I’ve seen reference to the 2009 Report Card for America’s Infrastructure in numerous news sources, but had to do some digging to find the actual source. Well,its there in the previous link. Obviously, the ASCE wants things fully funded, as their membership base would do very well financiall. However, beyond that, it is very clear infrastructure is in terrible shape. How many more I-35 collapses, or dam collapses, or even power grid failures (I should write a blog on that, its probably a good thing J6P doesnt know how bad things really are) will occur before action is taken.

Clearly, a $2.2 trillion dollar package for infrastructure alone is not going to fly, in part that the govt would rather throw such levels of money at Wall Street for the benefit of the few cronies, but also, there is not enough construction capacity to burn through that amount of activity in a reasonable time frame. That being said, the current funding levels proposed for infrastructure do not max out capacity, and in many ways, end up continuing with the bandaid process which has been used for years. Sooner or later something very bad is going to happen… unlike mark to finger in the wind accounting as was used by Wall Street, the damages from an infrastructure collapse will make the financial collapse seem miniscule.

Some years back, we were within minutes of loosing half the midwest power grid, fortunately good judgement calls, and some systems that worked kept disaster at bay…. but having multiple states without power for weeks if it were to happen in winter would no doubt result in substantial loss of life. Emergency backup is designed for short terms, and it assumes key infrastructure within a reasonable transport distance is available… 7 minutes, and the midwest would have been toast.

Next, look at Mississippi river transport, and even the St Louis seaway. A lot of that infrastructure is operating beyond its expected life span… and all it takes is one link in the chain, and now we have a huge problem with multiple cascading and far reaching effects.

Then brownfields… yes, they can be a real boondoggle for a wide range of reasons, imho mostly too much govt involvement and oversight on the technical and operational aspect causing huge costs, all the while running with minimal financial oversight. Go figure, but its not attractive to a finance type, but they attrack bureaucrats in huge numbers, with restrictions at every path. Hopefully the ASCE guys can apply pressure… the clean up needs to occur, and it needs to be safe, but one should never have to get a flat bed and crane for a day to take a piece of gear off the brownfield for a 15 minute repair, as it takes 2 weeks of paperwork to effect the repair on site.

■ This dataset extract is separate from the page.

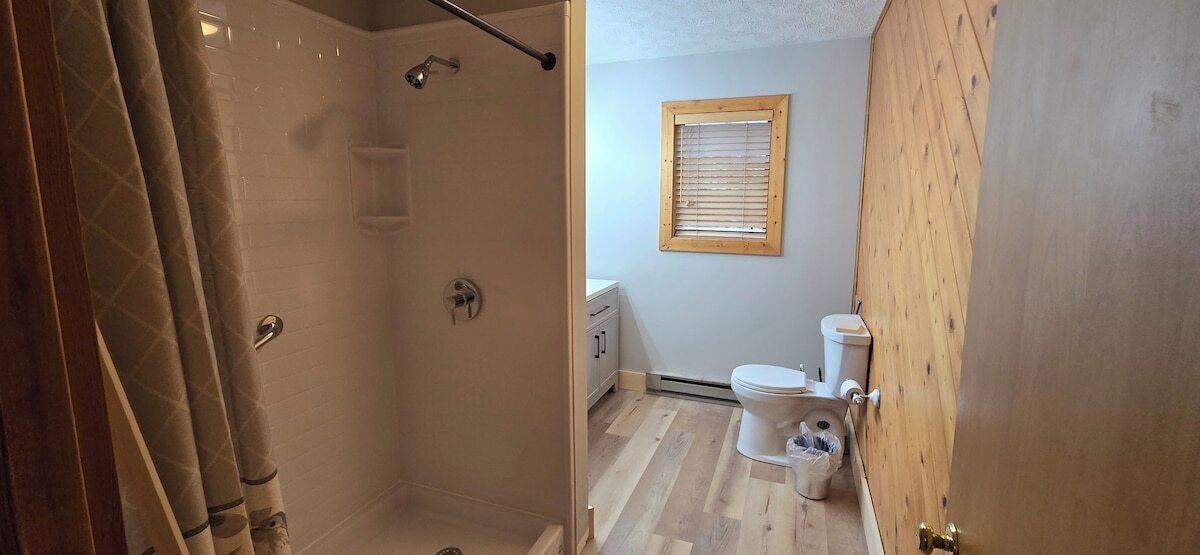 A bathroom with a shower, toilet, and a window.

And there-in leads the inefficiency of govt contracts and programs. The focus is often driven not on what is beneficial to the public whether it be optmization value via low cost, or short duration, but on what is beneficial to the politically driven govt bureaucracy… In the case of catostrophic failures, the govt can step in and work wonders as evidenced by the repair of the Oakland bay bridge after the earthquake nearly 20 years ago, or the I-35 bridge more recently. Contrast this with the current Eastern span replacement of the Oakland bay bridge… yikes.

No doubt infrastructure needs help, and a ton of it… but just how much can be done, how much it will help the economy, and if it can be soon enough before disaster ensues. All very difficult and challenging questions, the only thing for sure, is the status quo (ie bandaids) will result in failure for all of the above.